Joan Nathan gave a speech on new book on Jewish French cooking: Quiche, Kugels & Cous Cous. She pronounced the word “croissant” beautifully.
As she spoke, an old man circled the room, offering his ice cream bar to strangers. “I took it but now I don’t want it.” Time is of the essence when you are giving away a frozen dessert. He put it in the face of a woman who was already eating an ice cream bar. At first she shook her head, waved him off; but then she took the bar and put it in her purse.
All day I ate, listened, ate and listened. The quality and variety of food was truly astounding. Kashrut has always been about deprivation, scarcity of options. At KosherFest it felt abundant, prolific, mainstream, gourmet, almost chic. The old ways are dying. How should I feel about this? Kashrut was a differentiator, a source of identity. Now I am part of the 15 percent. Does my Jewish identity get lost in the mighty river of commerce?

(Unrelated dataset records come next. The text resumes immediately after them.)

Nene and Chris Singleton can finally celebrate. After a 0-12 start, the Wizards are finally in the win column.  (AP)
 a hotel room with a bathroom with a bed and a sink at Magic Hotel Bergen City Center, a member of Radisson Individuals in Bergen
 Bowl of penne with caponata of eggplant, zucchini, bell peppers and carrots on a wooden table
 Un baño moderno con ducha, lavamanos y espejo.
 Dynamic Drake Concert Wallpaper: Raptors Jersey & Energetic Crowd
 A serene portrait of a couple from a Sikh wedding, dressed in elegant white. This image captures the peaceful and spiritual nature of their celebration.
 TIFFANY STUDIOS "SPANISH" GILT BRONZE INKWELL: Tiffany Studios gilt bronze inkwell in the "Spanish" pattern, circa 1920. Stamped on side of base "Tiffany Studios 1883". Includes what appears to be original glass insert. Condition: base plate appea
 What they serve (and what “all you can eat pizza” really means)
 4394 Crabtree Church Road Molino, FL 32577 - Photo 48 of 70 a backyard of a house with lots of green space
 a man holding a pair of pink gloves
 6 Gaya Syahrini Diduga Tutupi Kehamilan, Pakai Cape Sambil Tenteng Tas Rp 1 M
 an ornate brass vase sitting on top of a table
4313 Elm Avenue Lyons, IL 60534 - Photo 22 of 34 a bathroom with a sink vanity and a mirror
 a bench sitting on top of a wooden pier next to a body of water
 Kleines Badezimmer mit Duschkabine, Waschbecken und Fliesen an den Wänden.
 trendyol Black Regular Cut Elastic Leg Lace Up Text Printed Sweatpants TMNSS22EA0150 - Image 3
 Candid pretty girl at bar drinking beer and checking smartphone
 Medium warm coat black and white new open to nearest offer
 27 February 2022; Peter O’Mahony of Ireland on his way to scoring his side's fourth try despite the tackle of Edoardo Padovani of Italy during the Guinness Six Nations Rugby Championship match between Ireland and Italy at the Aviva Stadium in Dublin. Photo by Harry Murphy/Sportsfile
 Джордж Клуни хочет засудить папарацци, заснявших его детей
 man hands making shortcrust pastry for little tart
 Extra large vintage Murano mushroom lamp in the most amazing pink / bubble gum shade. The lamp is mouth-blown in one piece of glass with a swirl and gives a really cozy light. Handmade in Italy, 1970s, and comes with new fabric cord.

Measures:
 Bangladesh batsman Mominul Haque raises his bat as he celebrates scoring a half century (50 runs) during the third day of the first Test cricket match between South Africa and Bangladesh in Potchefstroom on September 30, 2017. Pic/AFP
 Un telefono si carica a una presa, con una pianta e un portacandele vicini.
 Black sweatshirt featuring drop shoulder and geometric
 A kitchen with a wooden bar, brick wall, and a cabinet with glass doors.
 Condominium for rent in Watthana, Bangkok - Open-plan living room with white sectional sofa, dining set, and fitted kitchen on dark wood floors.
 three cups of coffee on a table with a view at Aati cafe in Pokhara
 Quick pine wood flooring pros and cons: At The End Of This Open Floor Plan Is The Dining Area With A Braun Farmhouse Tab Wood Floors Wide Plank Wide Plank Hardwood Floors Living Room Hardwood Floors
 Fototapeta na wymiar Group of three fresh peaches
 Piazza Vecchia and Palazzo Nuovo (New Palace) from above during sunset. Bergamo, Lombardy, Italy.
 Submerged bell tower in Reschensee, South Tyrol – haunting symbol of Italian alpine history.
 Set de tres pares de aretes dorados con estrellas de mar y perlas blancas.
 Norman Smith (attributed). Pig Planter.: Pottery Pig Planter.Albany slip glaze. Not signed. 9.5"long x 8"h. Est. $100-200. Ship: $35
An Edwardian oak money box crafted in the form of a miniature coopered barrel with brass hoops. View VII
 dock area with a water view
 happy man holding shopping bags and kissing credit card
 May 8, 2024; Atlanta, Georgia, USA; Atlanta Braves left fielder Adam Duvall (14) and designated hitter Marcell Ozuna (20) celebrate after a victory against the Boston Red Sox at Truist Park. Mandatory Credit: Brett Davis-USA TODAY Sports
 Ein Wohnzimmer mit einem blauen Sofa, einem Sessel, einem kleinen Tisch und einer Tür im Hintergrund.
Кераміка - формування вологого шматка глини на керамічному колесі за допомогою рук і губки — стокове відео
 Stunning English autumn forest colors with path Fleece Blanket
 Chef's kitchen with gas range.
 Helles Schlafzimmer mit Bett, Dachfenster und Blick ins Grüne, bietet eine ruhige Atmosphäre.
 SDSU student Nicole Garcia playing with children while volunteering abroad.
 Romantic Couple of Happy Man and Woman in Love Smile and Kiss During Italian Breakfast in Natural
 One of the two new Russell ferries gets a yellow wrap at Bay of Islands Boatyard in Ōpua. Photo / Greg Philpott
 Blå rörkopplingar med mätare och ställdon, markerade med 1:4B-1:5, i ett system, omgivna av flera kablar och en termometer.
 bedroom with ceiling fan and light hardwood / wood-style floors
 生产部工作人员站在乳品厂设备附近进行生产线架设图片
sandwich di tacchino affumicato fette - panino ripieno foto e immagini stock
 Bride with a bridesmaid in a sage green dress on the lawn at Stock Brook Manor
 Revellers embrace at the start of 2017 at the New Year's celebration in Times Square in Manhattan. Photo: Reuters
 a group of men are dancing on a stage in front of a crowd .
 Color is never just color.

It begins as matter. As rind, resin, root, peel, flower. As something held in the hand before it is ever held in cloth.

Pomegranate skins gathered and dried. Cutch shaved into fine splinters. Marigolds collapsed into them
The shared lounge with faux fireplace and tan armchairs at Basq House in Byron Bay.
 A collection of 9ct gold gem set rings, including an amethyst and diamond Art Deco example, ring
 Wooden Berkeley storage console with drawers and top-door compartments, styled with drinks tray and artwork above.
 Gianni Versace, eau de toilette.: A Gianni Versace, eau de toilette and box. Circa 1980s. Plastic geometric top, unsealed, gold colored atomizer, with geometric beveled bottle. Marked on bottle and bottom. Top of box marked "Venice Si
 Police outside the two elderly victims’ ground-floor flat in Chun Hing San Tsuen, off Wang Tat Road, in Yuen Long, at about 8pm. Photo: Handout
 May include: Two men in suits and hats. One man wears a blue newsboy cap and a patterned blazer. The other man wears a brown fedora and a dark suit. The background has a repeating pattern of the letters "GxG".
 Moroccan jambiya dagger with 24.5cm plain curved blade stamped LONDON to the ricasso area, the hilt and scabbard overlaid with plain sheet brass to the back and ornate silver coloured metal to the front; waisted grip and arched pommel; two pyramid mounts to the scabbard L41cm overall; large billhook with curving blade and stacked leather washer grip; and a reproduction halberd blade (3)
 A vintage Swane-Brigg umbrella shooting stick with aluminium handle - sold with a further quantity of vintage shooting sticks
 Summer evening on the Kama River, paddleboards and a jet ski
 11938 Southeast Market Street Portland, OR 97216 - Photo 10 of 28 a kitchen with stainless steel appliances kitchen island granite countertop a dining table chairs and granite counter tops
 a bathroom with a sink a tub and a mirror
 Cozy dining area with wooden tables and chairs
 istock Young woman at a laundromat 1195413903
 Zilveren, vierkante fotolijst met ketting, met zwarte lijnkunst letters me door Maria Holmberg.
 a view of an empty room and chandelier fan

And that’s what KosherFest is: A trade show. Not once at did I hear someone talk about WHY Jews keep kosher, the spiritual component. Kashrut has entered the stream of commerce. There is money to be made. Maybe this is a good thing. Why should I be stuck with the same boiled beef and gefilte fish at every holiday meal? What’s wrong with multicultural cuisine, organic, grass fed, free range?
Nothing and everything. We live in a commoditized world. Have a little chicken soup with shitake and lemongrass. Just like your Bubbe used to make it.